To be more precise, fix a probability space $(\Omega,\mathcal{F},\mathbb{P})$, and let $X:\Omega\to\mathbb{R}$ be an $L^1$ random variable. Suppose $\Sigma\subset\mathcal{F}$ is such that $\mathbb{E}[X\mid\Sigma]=0$, then is $X$ independent of $\Sigma$?
This is true in the trivial cases where $\Sigma=\{\emptyset,\Omega\}$ or $\mathcal{F}$.
Consider the example I gave here:
Flip a fair coin to determine the amount of your bet: if heads, you bet \$1, if tails you bet \$2. Then flip again: if heads, you win the amount of your bet, if tails, you lose it. (For example, if you flip heads and then tails, you lose \$1; if you flip tails and then heads you win \$2.) Let $X$ be the amount you bet, and let $Y$ be your net winnings (negative if you lost).
Then $X,Y$ are not independent; for instance we have $P(X=2) = 1/2$, $P(Y=1)=1/4$, and $P(X=2, Y=1) = 0$. But taking $\Sigma = \sigma(X)$ we have $E[Y \mid \Sigma] = E[Y \mid X] = 0$. You can see that $P(Y=1 \mid X=1) = P(Y=-1 \mid X=1) = 1/2$, so $$E[Y \mid X=1] = 1 \cdot \frac{1}{2} + (-1) \cdot \frac{1}{2} = 0.$$ Likewise $E[Y \mid X=2] = 0$. The idea is that the value of $X$ does affect the possible values for $Y$, but no matter how the first flip came up, you are still making a (conditionally) fair bet.
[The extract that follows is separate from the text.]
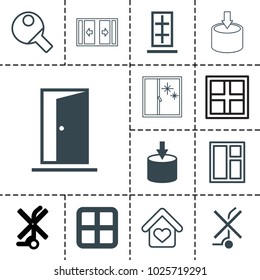 Inside icons. set of 13 editable filled and outline inside icons such as window, entrance, love home, table tennis, door, sliding doors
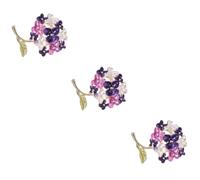 FRCOLOR 3 Pièces Broch D'hortensia Point Pour Les Vêtements Revers Broche Épingle à Fleurs Pour Vêtements Épingle à Linge Fleur Alliage De Zinc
This is similar in spirit to the example given by d.k.o. but perhaps a little more elementary.
Let $X\sim N(0,1)$ and $Y\ge 1$ a.s. is any r.v. independent of $X$. Then $$ \mathsf{E}[(X/Y)\mid \sigma(Y)]=0=\mathsf{E}[X/Y] \quad\text{a.s.} $$ but $(X/Y)$ is not independent of $\sigma(Y)$.